Doug, > For some reason sacctmgr show runawayjobs doesn't see them The reason those jobs aren't getting found by sacctmgr show runawayjobs is because they're in the completed state. sacctmgr show runawayjobs looks for jobs in the running or pending states. I'm not exactly sure why they got stored in the database without end times. I noticed that all those jobs are in the slurmdbd log from bug 4249, and the slurmdbd being down is likely related. Can you upload a more recent slurmdbd log? > I'm planning on manually setting end times for these jobs (also notice there > are no step records). > > I'm comfortable assigning the lack of records is due to the slurmctld crash, > but would like guidance as to the best way to fix the problem. > > My plan is to send an end time, and then ensure the last ran table re-rolls > usage from the 9th. That's what I would do as well.

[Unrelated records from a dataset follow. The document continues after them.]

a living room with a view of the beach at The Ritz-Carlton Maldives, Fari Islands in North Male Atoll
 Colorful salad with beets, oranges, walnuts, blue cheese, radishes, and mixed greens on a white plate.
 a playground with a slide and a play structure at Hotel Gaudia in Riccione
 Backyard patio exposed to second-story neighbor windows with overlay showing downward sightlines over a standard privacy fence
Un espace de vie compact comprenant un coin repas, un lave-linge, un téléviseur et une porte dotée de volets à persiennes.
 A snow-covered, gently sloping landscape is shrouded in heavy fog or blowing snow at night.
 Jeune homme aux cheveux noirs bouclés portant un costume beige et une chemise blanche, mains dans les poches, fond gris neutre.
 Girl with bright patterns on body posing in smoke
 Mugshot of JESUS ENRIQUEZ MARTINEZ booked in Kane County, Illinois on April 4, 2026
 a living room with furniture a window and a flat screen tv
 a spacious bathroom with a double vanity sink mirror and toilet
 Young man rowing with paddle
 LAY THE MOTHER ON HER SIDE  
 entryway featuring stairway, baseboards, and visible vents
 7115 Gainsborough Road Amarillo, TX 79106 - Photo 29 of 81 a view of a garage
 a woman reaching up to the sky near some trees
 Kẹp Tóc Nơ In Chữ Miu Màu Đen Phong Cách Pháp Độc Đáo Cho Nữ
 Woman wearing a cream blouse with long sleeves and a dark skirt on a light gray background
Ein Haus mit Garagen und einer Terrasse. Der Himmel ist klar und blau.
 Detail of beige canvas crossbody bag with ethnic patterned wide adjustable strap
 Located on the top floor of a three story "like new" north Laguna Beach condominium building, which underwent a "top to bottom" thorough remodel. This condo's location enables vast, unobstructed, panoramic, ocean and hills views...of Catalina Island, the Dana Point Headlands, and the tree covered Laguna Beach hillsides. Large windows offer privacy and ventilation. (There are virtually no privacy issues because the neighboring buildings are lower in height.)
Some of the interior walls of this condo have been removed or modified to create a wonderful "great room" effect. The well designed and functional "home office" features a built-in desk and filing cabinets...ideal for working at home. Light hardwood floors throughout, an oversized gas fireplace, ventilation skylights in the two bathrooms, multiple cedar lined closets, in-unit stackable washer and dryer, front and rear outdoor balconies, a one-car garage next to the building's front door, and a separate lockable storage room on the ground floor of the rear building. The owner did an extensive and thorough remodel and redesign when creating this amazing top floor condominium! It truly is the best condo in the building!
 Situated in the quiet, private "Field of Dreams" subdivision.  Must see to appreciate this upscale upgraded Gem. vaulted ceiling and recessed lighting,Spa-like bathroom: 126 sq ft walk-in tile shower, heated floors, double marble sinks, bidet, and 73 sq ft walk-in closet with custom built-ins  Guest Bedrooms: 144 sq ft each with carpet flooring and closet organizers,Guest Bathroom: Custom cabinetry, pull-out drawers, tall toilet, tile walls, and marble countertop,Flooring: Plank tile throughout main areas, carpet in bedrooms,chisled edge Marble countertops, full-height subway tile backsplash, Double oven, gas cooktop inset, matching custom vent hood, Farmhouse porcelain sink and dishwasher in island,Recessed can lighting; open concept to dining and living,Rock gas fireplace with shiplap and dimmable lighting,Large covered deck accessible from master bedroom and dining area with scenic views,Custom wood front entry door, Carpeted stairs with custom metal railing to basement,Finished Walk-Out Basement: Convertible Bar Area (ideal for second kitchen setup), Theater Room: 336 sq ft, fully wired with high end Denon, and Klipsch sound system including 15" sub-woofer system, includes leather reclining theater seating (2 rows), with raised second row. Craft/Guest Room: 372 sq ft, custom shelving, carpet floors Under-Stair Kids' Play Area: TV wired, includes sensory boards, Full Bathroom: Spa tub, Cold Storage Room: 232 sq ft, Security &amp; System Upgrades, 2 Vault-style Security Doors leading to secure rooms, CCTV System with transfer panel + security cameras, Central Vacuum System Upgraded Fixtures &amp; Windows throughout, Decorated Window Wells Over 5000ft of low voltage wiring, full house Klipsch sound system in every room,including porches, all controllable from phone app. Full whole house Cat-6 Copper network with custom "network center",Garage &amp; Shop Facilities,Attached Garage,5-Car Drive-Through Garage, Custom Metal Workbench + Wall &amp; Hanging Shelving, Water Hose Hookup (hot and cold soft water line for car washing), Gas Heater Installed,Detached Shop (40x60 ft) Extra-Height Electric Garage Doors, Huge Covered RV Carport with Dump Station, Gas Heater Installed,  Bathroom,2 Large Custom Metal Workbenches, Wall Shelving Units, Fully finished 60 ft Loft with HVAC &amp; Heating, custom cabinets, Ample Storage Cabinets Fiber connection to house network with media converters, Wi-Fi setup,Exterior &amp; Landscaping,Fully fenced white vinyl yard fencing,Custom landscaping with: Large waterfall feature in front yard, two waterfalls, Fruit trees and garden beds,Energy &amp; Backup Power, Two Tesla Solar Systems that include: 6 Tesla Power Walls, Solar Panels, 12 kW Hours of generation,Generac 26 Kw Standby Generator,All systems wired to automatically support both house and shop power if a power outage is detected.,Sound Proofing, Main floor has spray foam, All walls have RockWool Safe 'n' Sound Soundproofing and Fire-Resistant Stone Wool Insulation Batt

Doug, I was able to reproduce the situation where jobs got to a completed state without an end time. It likely happened because - the job was short and finished before the job record was sent from the agent queue to the database, - the end of the job was put in the agent queue after the reservation that failed in bug 4249, - because the reservation was failing, the agent queue was holding onto the end time of the job, hence the lack of an end time. If this theory is correct, since the issue in bug 4249 was resolved, the end times for those jobs should be in the database, and you shouldn't need to manually update the database nor re-roll. Since you already updated the end times in the database, you still shouldn't need to change last_ran_table, since rolling up happens every hour anyway. So basically, sacctmgr showrunawayjobs is working as expected, and those records probably would have been updated correctly with end times on their own after resolving bug 4249. Is this still an issue, or has it been resolved?
Hi Doug, I'm wondering if this has been resolved and if you have any further questions. If it is resolved and you don't have any more questions, I'll close the bug.
I'm marking this as resolved/timed out. Please reopen if you have further questions.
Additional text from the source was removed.